Watching A Yahoo Group Die

A long long time ago I ran a Yahoo Group entitled Marcon Drinkers it was started in 2001.   Before this group was started my circle of friends had another message board we were using.   One of the administrators went off the deep end started banning people and deleting posts.  He eventually found it funny just to delete the message board all together.  This is where I came into the picture.

Since I enjoyed the camaraderie of the group, and I had the technical know-how, I started a new Yahoo Group, the previously mentioned Marcon Drinkers.   The concept of the group and where the people came in, was that once a year our circle would descend upon a fantasy and science fiction convention in Columbus, OH called Marcon.  While we we there, there was mass amounts of alcohol consumed, except for just a small handful of occasions outside of there I don’t normally drink at all.  I’m not opposed to it, I just normally do not have a taste for it.    Moving on.

I managed to contact and grab people moving them to the message board.   For a time (2001-2004) it was quite active, I think I started dropping out more when I hung out on the SWG message boards most of the time.   I would say around (2006-2007) it really died, which is disheartening but people move on, friendships change, and people grow apart.   Our community wasn’t large enough to be self sustaining since there wasn’t any new blood.   People from the board attempted to start other groups, but none were as successful for the amount of time this one was.

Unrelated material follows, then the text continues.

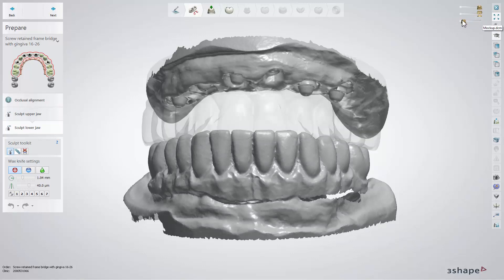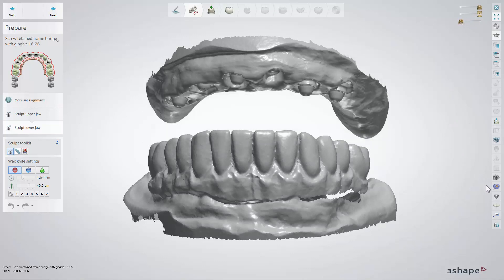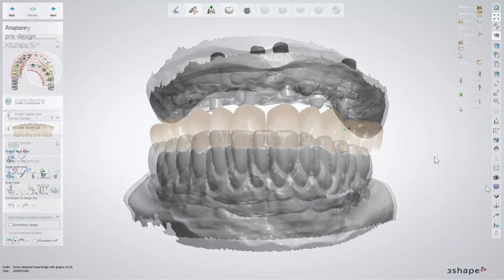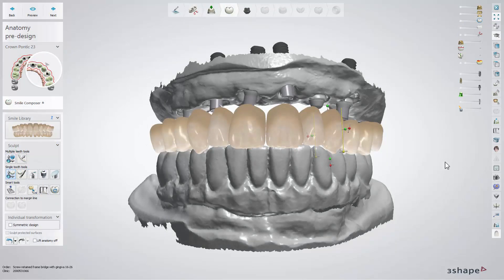You can also find here the same additional scans button that contains the additional scans functionalities. That functionality is available on all designing steps.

Last year I was at a crossroads, I didn’t want to just delete the forum – since some people may actually still read it, so for them I continued and left it up.   Since nothing new was being posted I decided I was going to just crosspost my blog posts.  I originally hoped to stimulate conversation, but it seems the posts are standing alone in an echo chamber.  I did close membership to start spammers from popping up (since I always hated cleaning those out anyways).   So our peak was over 100 members, now it’s down to 46.   I slowly watch people drop off.   When I am the last one still standing I’ll take the group offline for good.

I do have backups of the groups since I don’t want the digital history to be gone, but it will last solely in my hands.  In a way it’s sad to watch a community die off.  First I did it with this group, then I relived it with Star Wars Galaxies.  Anytime a community is lost for any reasons there should be a sadness; a moment of reflection.   I think the main reason it is completely dead these days beyond dynamics changing is the advent of social networking.  I’m friends with many of these same people on different social networks like Myspace and Facebook.   This has given them more tools to empower themselves in the delivery of information to their friends.   A static mailing list scenario like Yahoo Groups  doesn’t fit into their world anymore.  Times, technology, and friendships change – but looking at the past will show us the journey on how we got to where we are today.

  • creeva

    you know – one thing I forgot to add – at one point I did try to move them over to a Google group when that was an option – it was too dead by then to perform a proper migration.

  • http://www.scarfaceblog.com thejamesf

    I think that yahoo groups will always have a little heart beat beating in the internet world, almost like its in a coma state…

  • http://www.infoprimes.com/assurance-vie assurance vie

    Yeah, as time goes by, you grow up little by little, we never stop learning, and sometimes this means growing apart from your friends. Needs change, you get married, your life changes. It's the natural course of life.

  • http://creeva.com creeva

    But part of that is the discussion can change to reflect modern times.
    It's sad, but that didn't happen.

  • http://creeva.com creeva

    But part of that is the discussion can change to reflect modern times.
    It's sad, but that didn't happen.